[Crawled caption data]
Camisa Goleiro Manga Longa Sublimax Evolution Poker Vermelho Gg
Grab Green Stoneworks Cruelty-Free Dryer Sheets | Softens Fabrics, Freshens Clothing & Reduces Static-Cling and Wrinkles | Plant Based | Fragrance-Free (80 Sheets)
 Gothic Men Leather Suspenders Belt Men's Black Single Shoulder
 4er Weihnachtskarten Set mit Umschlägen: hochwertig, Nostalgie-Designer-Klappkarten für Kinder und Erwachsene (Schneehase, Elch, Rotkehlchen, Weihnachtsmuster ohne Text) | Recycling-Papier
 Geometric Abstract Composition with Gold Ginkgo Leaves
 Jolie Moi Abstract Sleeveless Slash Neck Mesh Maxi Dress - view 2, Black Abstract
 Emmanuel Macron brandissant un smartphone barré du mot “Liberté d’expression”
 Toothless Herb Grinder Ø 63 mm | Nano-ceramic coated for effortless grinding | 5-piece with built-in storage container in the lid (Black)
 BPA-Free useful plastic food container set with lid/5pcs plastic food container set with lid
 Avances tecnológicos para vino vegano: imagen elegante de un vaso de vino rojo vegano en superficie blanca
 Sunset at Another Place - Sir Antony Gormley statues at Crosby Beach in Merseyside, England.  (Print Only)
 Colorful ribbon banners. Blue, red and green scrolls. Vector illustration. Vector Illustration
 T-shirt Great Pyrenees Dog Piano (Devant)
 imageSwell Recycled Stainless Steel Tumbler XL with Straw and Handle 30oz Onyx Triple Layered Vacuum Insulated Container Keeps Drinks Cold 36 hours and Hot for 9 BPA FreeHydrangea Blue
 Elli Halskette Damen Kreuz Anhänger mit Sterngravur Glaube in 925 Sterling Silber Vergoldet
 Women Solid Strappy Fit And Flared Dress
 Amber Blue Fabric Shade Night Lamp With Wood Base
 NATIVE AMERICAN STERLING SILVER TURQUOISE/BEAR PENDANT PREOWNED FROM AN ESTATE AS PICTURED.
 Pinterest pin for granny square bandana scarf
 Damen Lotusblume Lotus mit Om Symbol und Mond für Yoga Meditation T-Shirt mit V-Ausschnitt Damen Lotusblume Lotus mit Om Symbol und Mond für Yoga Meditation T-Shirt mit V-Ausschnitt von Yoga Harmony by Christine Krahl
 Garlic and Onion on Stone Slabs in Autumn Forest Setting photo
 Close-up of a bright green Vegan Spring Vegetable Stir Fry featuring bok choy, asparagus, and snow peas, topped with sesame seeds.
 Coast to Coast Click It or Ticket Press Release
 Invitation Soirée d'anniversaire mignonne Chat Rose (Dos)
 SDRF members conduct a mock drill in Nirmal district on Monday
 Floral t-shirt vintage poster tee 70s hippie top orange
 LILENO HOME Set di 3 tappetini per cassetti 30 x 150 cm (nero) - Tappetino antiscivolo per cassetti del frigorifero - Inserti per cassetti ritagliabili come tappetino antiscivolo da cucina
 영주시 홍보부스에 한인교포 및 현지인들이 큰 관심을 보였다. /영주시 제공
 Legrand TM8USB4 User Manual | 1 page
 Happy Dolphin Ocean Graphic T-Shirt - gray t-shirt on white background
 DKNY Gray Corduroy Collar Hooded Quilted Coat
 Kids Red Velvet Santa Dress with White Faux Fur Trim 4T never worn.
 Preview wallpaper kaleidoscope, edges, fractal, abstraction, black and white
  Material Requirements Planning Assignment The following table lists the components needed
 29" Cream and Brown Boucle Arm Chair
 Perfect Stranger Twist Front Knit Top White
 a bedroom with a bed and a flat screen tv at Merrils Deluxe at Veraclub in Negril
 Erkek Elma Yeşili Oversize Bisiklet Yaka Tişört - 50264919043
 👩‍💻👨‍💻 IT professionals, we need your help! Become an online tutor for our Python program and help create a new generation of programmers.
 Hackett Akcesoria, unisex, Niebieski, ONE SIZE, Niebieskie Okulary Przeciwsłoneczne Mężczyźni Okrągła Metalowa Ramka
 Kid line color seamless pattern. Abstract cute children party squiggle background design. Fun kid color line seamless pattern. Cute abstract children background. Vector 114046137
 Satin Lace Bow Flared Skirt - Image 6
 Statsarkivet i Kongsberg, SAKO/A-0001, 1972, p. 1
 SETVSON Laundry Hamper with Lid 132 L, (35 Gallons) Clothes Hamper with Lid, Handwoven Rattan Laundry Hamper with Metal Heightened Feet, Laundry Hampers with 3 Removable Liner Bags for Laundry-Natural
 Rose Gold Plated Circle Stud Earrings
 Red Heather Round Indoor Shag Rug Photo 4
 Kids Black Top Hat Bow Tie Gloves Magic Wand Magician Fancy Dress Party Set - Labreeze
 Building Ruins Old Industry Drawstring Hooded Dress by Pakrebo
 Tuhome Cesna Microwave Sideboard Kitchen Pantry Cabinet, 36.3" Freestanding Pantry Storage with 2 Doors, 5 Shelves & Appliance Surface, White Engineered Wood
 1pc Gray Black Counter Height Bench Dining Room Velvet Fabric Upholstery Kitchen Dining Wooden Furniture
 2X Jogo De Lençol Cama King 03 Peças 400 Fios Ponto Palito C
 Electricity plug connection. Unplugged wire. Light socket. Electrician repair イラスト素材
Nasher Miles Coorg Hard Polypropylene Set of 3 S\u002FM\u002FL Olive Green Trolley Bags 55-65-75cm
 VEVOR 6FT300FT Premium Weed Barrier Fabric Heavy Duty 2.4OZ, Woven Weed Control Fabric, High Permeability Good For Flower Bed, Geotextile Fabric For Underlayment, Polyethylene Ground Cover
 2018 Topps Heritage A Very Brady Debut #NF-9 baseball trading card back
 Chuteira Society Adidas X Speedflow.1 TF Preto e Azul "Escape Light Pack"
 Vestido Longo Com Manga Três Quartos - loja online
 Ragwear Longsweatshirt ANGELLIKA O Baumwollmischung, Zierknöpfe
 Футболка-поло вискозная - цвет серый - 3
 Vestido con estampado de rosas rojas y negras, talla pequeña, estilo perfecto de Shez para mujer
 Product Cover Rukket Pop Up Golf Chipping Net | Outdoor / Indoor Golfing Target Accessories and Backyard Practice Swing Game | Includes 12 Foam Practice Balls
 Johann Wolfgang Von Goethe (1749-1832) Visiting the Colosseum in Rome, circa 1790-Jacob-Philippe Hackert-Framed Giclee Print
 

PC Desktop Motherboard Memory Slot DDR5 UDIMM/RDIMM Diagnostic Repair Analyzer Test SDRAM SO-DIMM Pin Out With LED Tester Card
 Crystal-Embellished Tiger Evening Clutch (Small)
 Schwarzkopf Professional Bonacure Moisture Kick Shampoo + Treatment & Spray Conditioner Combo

**Directions**
Exactly as written, please reproduce the lines from the first line of the data to the line containing "Gothic Men Leather", inclusive, and nothing else.

**Reply to the task**
Camisa Goleiro Manga Longa Sublimax Evolution Poker Vermelho Gg
Grab Green Stoneworks Cruelty-Free Dryer Sheets | Softens Fabrics, Freshens Clothing & Reduces Static-Cling and Wrinkles | Plant Based | Fragrance-Free (80 Sheets)
 Gothic Men Leather Suspenders Belt Men's Black Single Shoulder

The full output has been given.